→ **Exercise objective**:
Lines from the one with "Ingrid Haebler am" up to and including the one with "אאוסטה Aymon De" are to be copied exactly from the records below, without their pictures.
[Given records Boundary: Start]
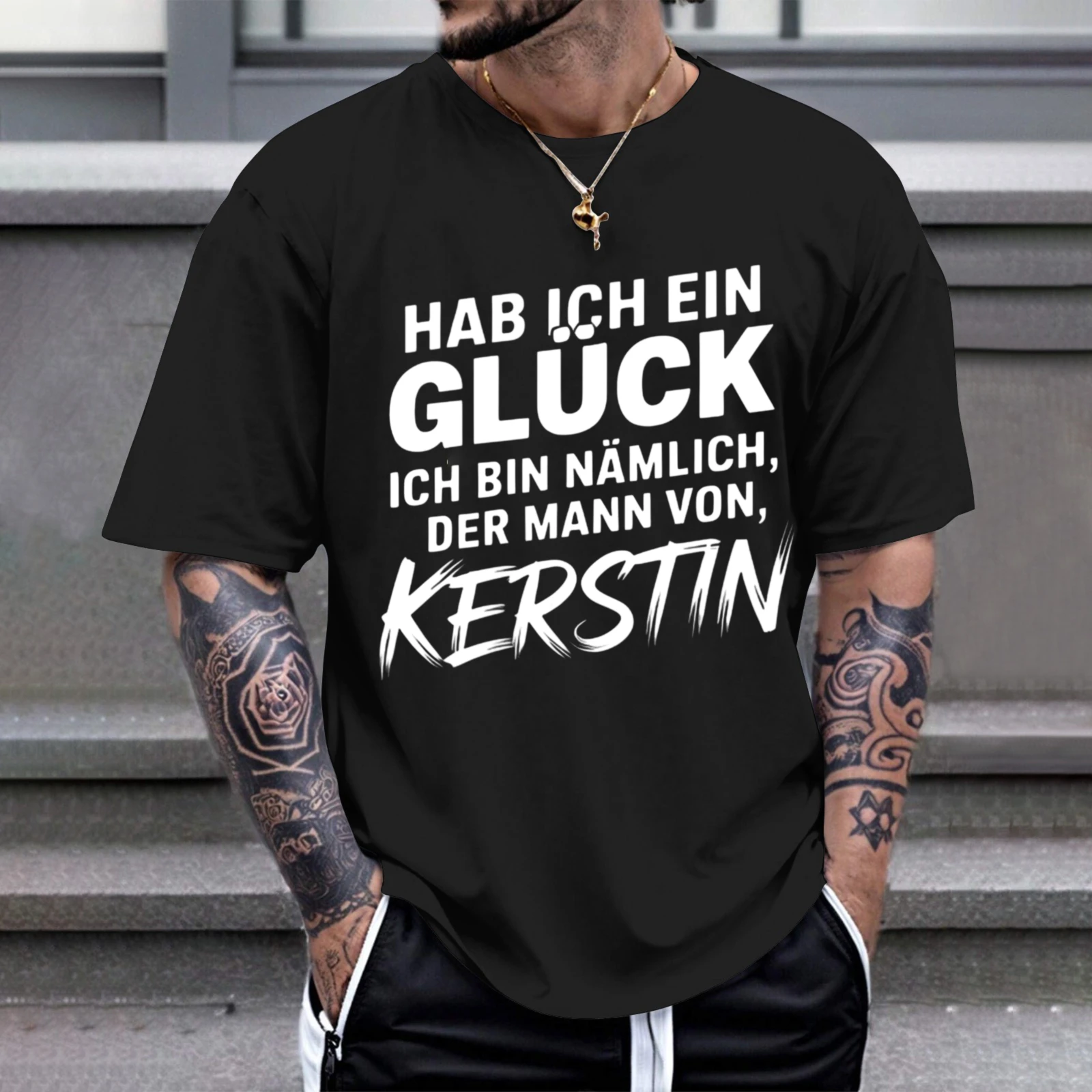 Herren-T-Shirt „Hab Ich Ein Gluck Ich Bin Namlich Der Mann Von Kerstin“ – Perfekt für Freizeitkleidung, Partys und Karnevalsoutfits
[Given records Boundary: End]
[Given records Boundary: Start]
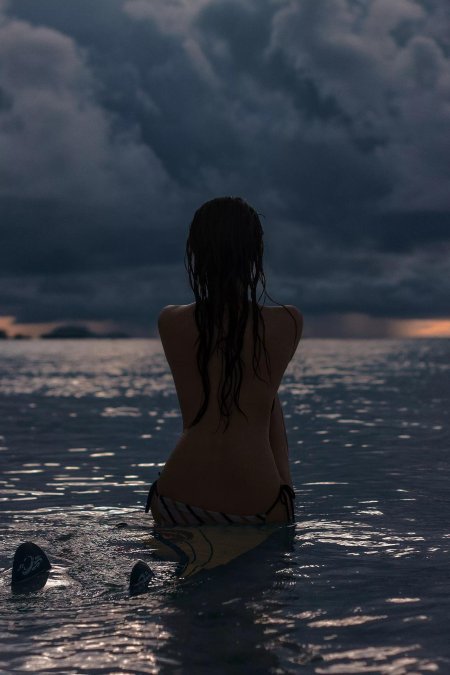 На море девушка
[Given records Boundary: End]
[Given records Boundary: Start]
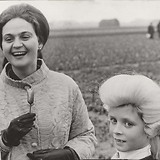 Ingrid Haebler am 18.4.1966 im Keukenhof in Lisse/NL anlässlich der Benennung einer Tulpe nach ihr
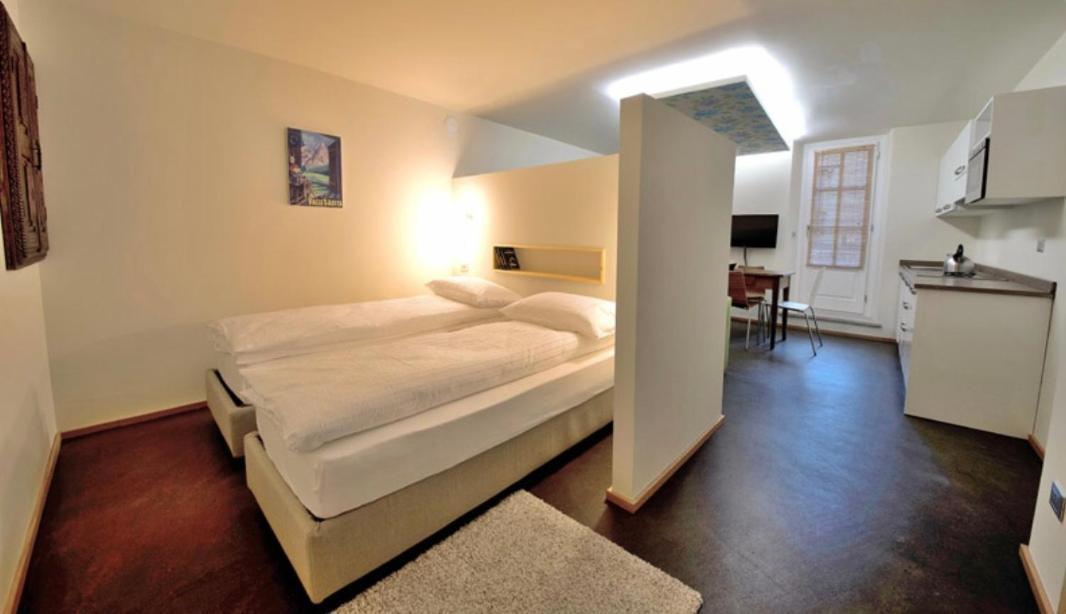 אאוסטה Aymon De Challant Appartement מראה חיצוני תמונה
[Given records Boundary: End]
→ **Response area**:
 Ingrid Haebler am 18.4.1966 im Keukenhof in Lisse/NL anlässlich der Benennung einer Tulpe nach ihr
 אאוסטה Aymon De Challant Appartement מראה חיצוני תמונה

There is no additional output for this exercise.